My fears had been confirmed. Clearly, scientific equipment must be reliable and manufactured to high tolerances. Munsells was not. Although the Kunz article was little more than an isolated analysis of a specific, random color chart, his experiences matched my own. I had to wonder how much of the loss of fidelity he identified in the Munsell charts was due to the effect of moisture from soil samples, and how much to the effect of rain and snow on the paper stock. Repeated field use also leaves the books notably stained, hard to clean, and on occasion, with curling chips. Worse, Munsell seems to acknowledge that their production runs are flawed, and informs Kunz that the books are only good for about four years under normal use (normal does not include dropping the books in mud or water, or being left open to extended periods of sun).

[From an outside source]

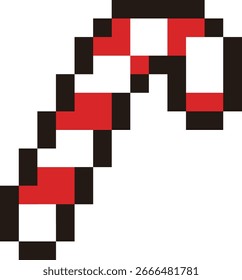pixel caramelo, bastón de caramelo, Navidad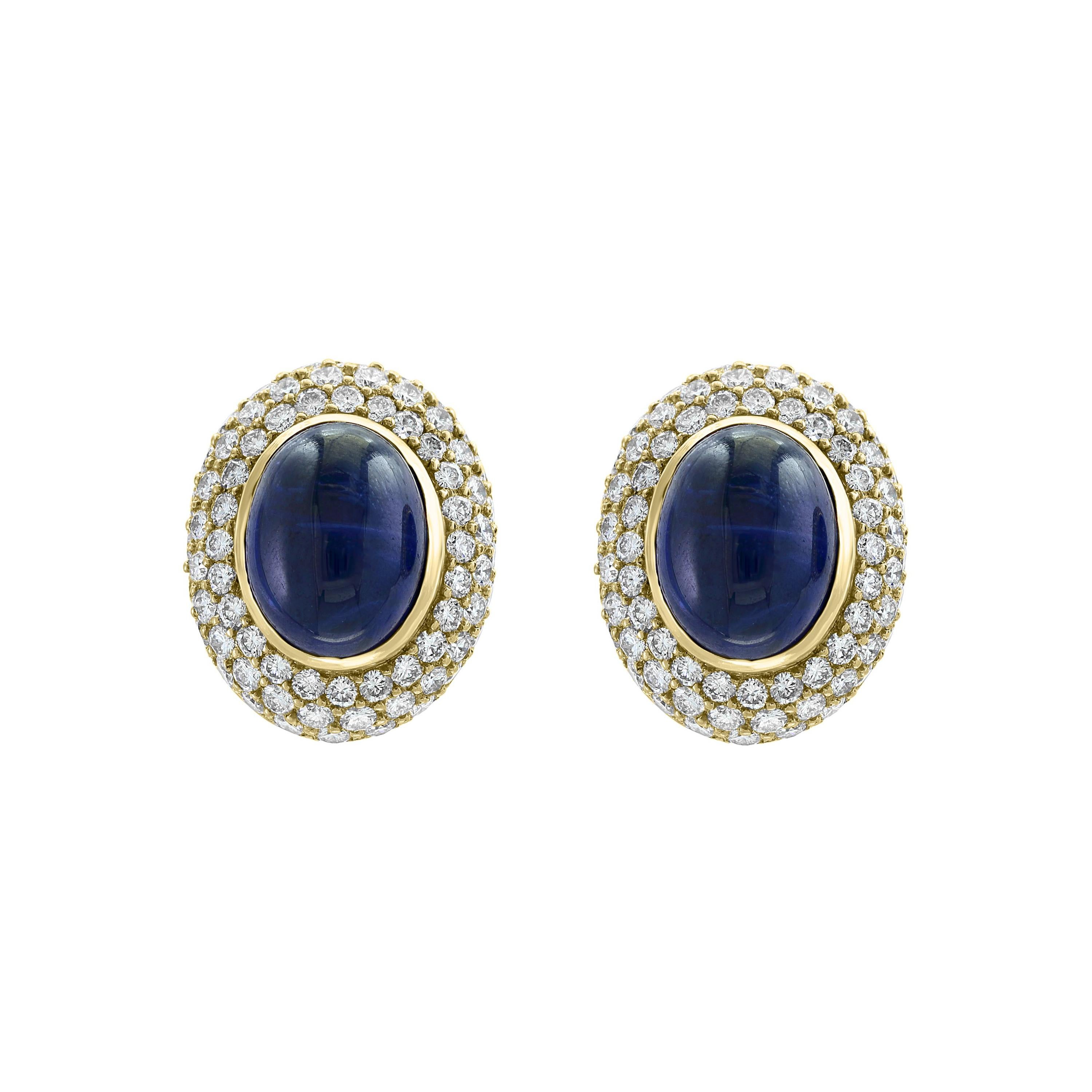 Orecchino con zaffiro naturale certificato AGL con perno e clip in oro 18 Kt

Near the end of his article, Kunz mentions a new soil color chart, EarthColors (Color Communications, Inc. 1997) Curious, I ordered an EarthColors  book as an annual meeting giveaway for the Massachusetts Association of Wetland Scientists. Everyone who saw it wanted to have their own. A month or so later I got my own copy, and have now used it hand in hand with my Munsell color book on a variety of wetland sites. The charts are quite dissimilar. The following section is partly a personal reaction, and partly a factual discussion of the two books. Certainly the charts are different enough to warrant a careful examination by any wetland professional who relies on soils for any hydric-related analysis.

A Look at EarthColors and Its Predecessor

As far as I have been able to determine, EarthColors is the first new soil color guide since the Munsell Soil Color Charts were developed in conjunction with the USDA over twenty years ago (Goldstein, 1998). Based on credits in the book itself, EarthColors was developed by Color Communications, Inc., in 1997 with assistance from Dr. Elissa Levine, Soil Scientist at NASA/Goddard Space Flight Center; Dr. Peter Veneman and his staff at the University of Massachusetts; and Robert Engel and Peter Fletcher, USDA, Soil Survey Division (Color Communications, Inc. 1997). Color Communications, Inc., is a worldwide color consultant and manufacturer now based in Chicago, Illinois.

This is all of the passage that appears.